## DIRECTIONS FOR THIS TASK
What lines in the records below hold the string "Vintage"? Please show them.

====== MATERIAL FOR THIS EXERCISE ======

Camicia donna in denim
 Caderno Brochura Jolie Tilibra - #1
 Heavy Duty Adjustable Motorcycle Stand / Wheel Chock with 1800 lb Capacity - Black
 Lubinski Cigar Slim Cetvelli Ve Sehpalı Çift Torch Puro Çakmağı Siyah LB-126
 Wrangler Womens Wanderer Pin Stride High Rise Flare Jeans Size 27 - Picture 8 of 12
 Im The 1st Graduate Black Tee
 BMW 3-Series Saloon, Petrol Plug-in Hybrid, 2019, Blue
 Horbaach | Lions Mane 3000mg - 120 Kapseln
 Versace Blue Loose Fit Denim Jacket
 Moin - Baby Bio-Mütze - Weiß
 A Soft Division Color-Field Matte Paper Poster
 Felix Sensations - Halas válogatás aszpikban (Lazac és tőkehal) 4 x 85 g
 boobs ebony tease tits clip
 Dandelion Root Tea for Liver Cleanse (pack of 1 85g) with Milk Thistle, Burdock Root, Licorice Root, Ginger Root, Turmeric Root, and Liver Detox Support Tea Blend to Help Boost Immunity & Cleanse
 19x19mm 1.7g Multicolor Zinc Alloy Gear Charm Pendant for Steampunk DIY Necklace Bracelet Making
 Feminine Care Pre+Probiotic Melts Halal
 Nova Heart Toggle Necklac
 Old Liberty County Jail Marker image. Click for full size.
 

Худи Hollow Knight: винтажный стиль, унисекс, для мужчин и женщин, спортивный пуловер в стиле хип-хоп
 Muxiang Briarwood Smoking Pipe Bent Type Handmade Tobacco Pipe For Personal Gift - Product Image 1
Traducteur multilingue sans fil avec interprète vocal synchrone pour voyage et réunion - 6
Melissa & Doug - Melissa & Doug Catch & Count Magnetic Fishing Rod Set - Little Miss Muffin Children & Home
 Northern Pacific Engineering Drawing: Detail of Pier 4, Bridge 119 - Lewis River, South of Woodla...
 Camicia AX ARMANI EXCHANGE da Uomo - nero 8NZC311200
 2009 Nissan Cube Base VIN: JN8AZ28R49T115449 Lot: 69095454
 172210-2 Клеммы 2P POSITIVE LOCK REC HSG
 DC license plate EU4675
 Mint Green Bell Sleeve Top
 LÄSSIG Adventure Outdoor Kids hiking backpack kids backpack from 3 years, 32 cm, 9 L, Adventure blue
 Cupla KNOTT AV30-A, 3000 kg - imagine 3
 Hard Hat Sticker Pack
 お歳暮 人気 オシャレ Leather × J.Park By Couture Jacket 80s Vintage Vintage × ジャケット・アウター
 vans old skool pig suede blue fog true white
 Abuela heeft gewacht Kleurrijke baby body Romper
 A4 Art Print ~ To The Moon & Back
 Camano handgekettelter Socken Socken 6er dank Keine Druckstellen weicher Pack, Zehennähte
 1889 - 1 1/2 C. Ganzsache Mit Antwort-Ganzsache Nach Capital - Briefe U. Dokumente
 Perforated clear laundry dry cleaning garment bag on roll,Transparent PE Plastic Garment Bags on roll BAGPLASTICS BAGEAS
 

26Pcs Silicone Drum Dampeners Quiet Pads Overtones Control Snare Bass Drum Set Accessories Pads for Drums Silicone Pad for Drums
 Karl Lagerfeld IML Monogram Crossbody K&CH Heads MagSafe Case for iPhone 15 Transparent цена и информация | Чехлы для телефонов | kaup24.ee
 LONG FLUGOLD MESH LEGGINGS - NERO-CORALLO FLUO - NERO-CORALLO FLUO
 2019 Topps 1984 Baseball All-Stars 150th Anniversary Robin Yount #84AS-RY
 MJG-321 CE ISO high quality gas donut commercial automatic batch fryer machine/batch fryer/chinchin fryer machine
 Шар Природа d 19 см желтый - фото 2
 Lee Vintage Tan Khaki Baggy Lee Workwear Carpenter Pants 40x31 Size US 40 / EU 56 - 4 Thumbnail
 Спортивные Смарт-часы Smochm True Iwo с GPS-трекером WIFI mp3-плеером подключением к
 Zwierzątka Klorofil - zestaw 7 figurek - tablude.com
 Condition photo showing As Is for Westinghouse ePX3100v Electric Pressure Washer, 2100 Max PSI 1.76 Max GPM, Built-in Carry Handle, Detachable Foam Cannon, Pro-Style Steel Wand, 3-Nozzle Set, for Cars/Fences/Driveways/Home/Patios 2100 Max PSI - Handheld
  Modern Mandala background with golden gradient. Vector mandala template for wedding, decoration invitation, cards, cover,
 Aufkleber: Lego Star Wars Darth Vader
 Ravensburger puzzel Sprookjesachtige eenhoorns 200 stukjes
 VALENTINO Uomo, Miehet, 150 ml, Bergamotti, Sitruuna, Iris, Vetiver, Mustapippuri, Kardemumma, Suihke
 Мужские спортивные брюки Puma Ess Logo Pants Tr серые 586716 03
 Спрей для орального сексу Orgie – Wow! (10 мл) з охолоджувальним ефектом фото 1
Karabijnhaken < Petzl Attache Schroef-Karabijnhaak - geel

======

## TASK ANSWER
 お歳暮 人気 オシャレ Leather × J.Park By Couture Jacket 80s Vintage Vintage × ジャケット・アウター
 Lee Vintage Tan Khaki Baggy Lee Workwear Carpenter Pants 40x31 Size US 40 / EU 56 - 4 Thumbnail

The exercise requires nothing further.